Un tsunami se prépare à La Poste. Hier, le gouvernement a annoncé le début d’un grand chantier de rapprochement entre la Caisse nationale de prévoyance (CNP) Assurances et La Banque postale. De fait, la Caisse des dépôts et consignations (CDC), actionnaire à hauteur de 26 % de La Poste depuis 2011, deviendra majoritaire dans le capital du groupe en mettant la main sur une partie des parts détenues par l’État français via l’Agence des participations. En contrepartie, avant la fin 2019, la CDC apportera à La Poste sa participation de 42 % dans CNP Assurances, permettant à l’opérateur postal de récupérer 6 milliards d’euros de fonds propres. C’est via un amendement ajouté dans le projet de loi Pacte, examiné au Parlement en septembre, que l’État deviendra actionnaire minoritaire de La Poste pour la première fois de son existence. Laissant la CDC seul maître à bord. La procédure de privatisation entamée depuis la transformation de La Poste en société anonyme à capitaux publics le 1er mars 2010, suivie d’un grand malaise social face aux bouleversements internes, s’accélère. Présentée par le gouvernement comme une nécessité de trouver des revenus alternatifs à la baisse de l’activité courrier, cette opération poursuit surtout la stratégie de privilégier les activités bancaires et assurance comme locomotives du groupe.

«  C’est un désengagement important de la part de l’État  »

Si le ministre de l’Économie, Bruno Le Maire, affirme que «  la création de ce pôle public financier marque désormais une étape historique dans l’histoire de La Poste, qui a au moins six siècles d’existence  », pour la CGT, qui soutenait ce type de proposition, on est loin du compte. Comme le souligne Alain Barre, administrateur CGT, «  d’accord pour un grand pôle public, mais pas comme ça  ! À quoi va-t-il servir  ? Cela ressemble à un montage financier pour que La Poste obtienne des fonds afin d’augmenter la croissance externe du groupe, notamment pour payer les acquisitions de sociétés de prestations de santé à domicile  » (Psad). De son côté, SUD PTT juge qu’un autre scénario était possible  : «  Il n’y a aucune incompatibilité entre un rapprochement de la CNP et La Poste, l’État pouvant rester majoritaire sans aucune difficulté, sous réserve que ce dernier augmente le capital de celle-ci. Ce ne serait d’ailleurs qu’une juste compensation des 500 millions d’euros qui manquent chaque année dans les comptes de La Poste au titre de l’accomplissement des missions de service public (aide à la personne, accessibilité bancaire et territoriale…).  »

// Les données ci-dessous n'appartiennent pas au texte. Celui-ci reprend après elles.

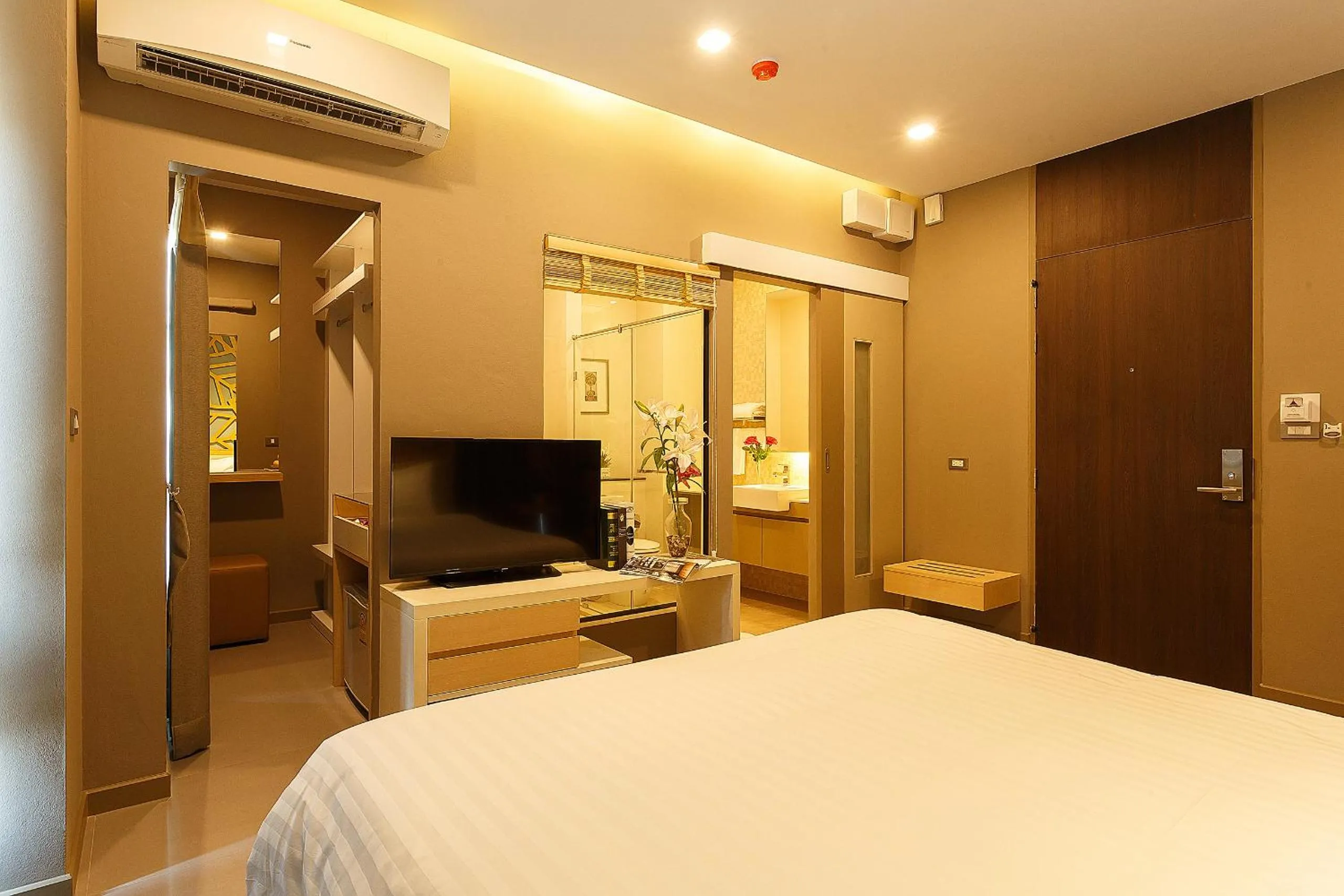 Bed in Green Point Residence Hotel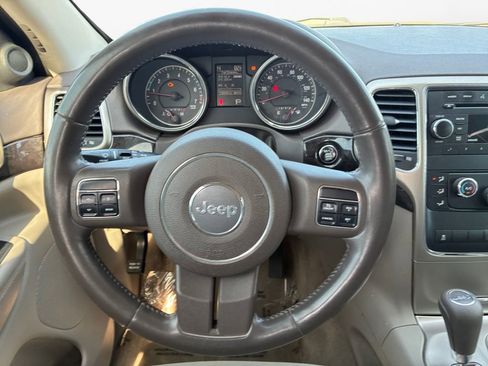 Used 2011 Jeep Grand Cherokee Laredo image 18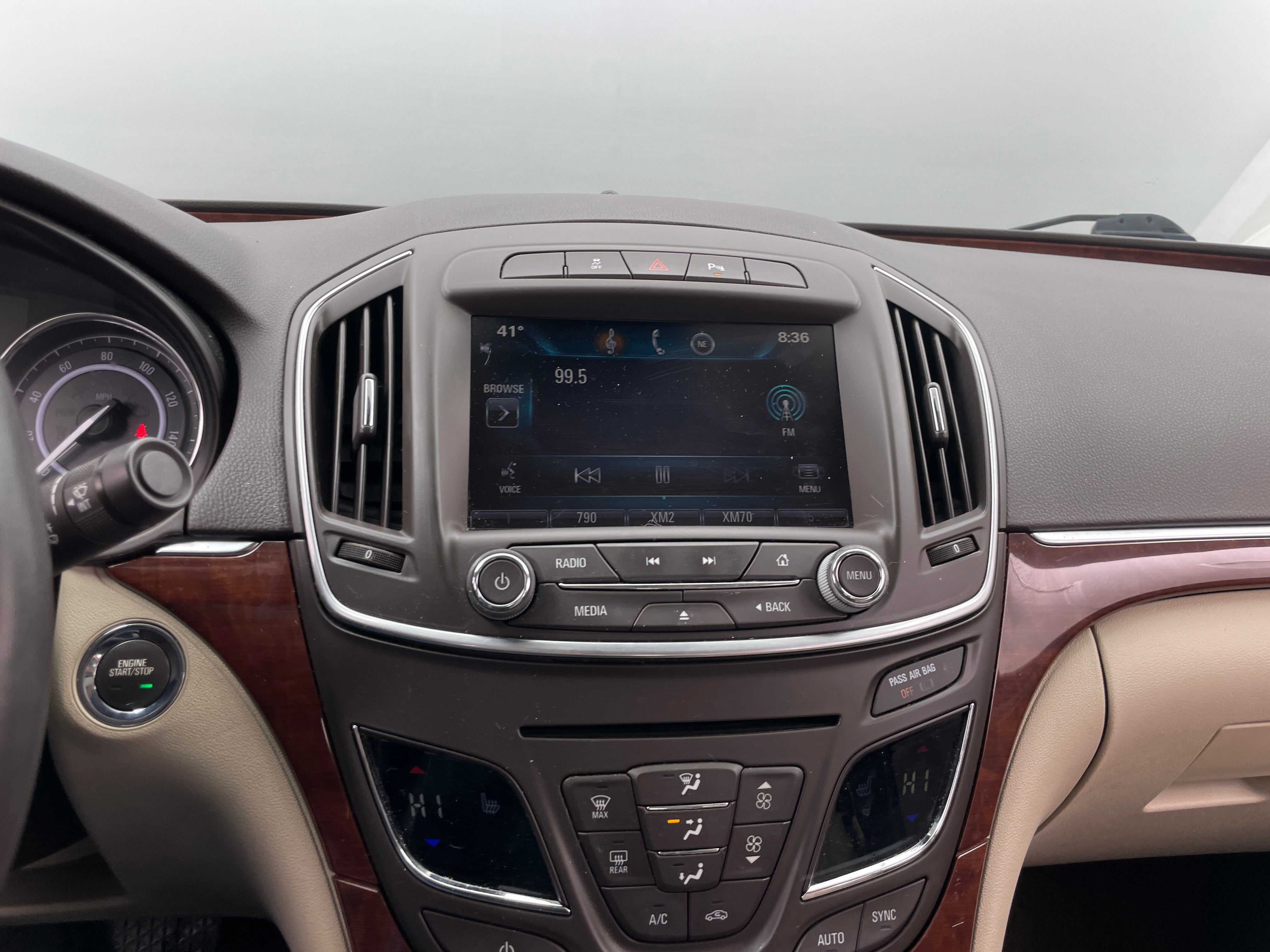 Thumbnail: 2014 Buick Regal - 4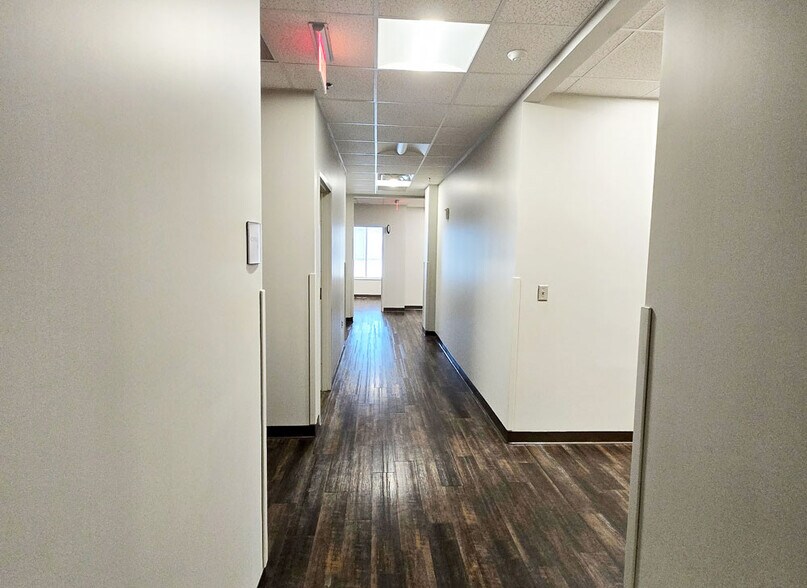 More Photos Of 460 Northside Cherokee Blvd, Canton Hospital For Lease
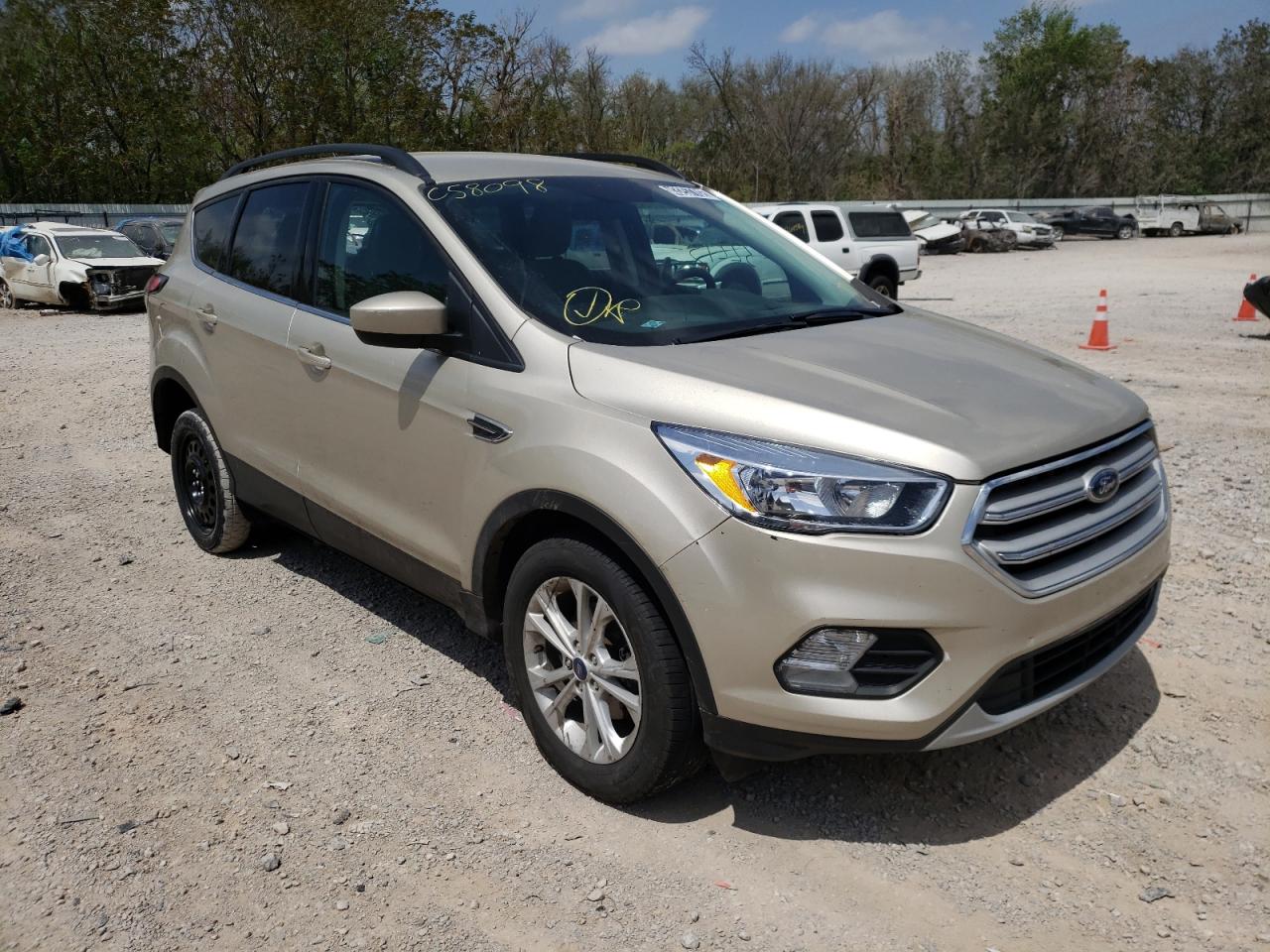 FORD ESCAPE SE 2018 with VIN 1FMCU0GD4JUC58098 - Photo from auction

Quant à FO et la CFDT, elles semblent se satisfaire de cette décision, mais la regardent avec «  vigilance  ». Pour Force ouvrière, cette opération permettrait à La Banque postale de devenir «  une vraie banque assurance  ». L’argument de la permanence des capitaux 100 % publics à La Poste, via la montée au capital de la CDC, institution financière publique, n’apaise pas les esprits. «  C’est un désengagement important de la part de l’État, rappelle Alain Barre. La Caisse des dépôts a des exigences de rentabilité. Il n’y a donc aucune garantie de maintien des missions de service public et de l’égalité d’accès postal. Et l’activité courrier existe encore, quoi qu’en dise le gouvernement.  » Pour SUD PTT, c’est aussi «  une supercherie. Que La Poste commence déjà par geler la fermeture des bureaux de poste qui se fait à la cadence de 500 par an  ». Sur 17 000 points de contact dans le pays, seuls 8 500 bureaux sont de plein exercice. Bien loin d’un service public de haut niveau.